# New Blood



## 1Houston (Nov 29, 2003)

3-cats, 2-birds, 2-fish, 1-dog in Colorado

1st purchase...Hiroshi (1 fawn Great Dane who doesn't live with me now)
1st adoption...Mehmet & Vedat (2 beautiful cats from the pound)
2nd purchase...Nevzat &Tetsuko (2 nice birds-Parakeets)
1st find...Hasan (1 Very Russian Blue-looking 2-week old cat we found)

This is my family. My cousin takes care of my dog now, thanks to God.
We have 3 cats now, 2 fish and 2 birds.

If I can find out how to post pics of my cats, I'll do so.

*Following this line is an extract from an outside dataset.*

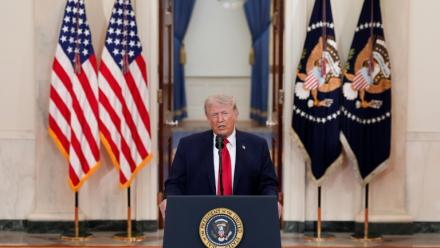 Le président américain Donald Trump s'exprime lors d'une allocution à la nation sur la guerre en Iran, à la Maison Blanche à Washington, le 1er avril 2026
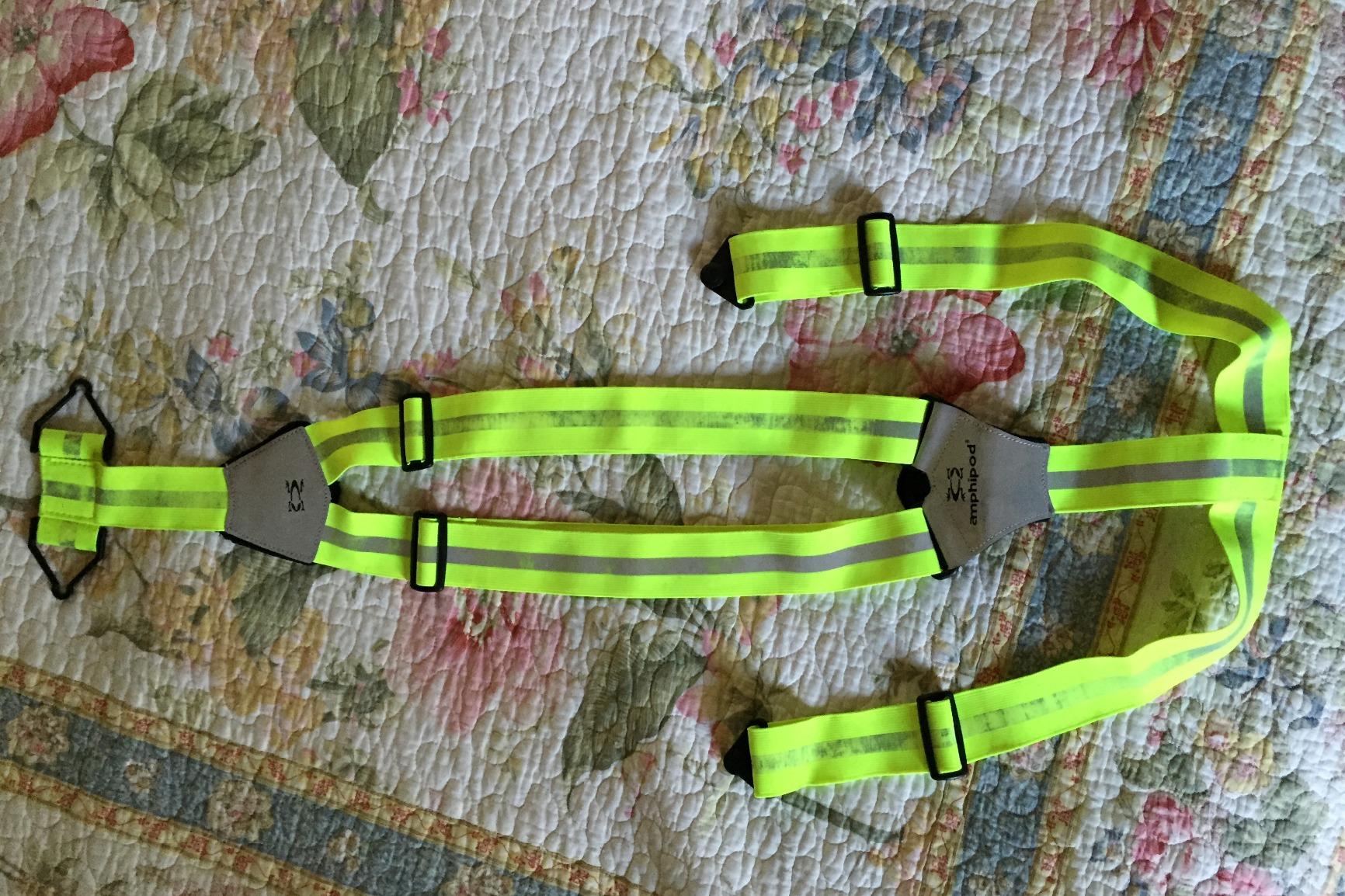 Amphipod Xinglet Vest, Outdoor High Visibility Reflective Straps Safety Vest for Road Running, Jogging & Walking customer photo 1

Nice to meet you all! Cheers!


----------



## Jeanie (Jun 18, 2003)

Hello and welcome to the catforum! We have lots of picture posting experts, but I am unfortunately not one of them. I know we'll enjoy hearing about your menagerie, and I feel certain you'll have fun here. There are lots of great people and interesting posts!


----------



## Aonir (Aug 18, 2003)

Welcome to CatForum!


----------



## kitkat (Sep 22, 2003)

Welcome to the forum, you and your pet family. :lol: 

As far as pics go in the top right it says Cat Photos, you can just do it from your computer... it just says to browse etc and you just click where it is on your computer., if you need help pm me.


----------



## Ioana (Jul 12, 2003)

Cheers back to you 1 Houston!
Looking forward to seeing your babies!


----------



## lexxie109 (Jan 20, 2003)

Welcome to the Cat Forum. I hope you like it here!


----------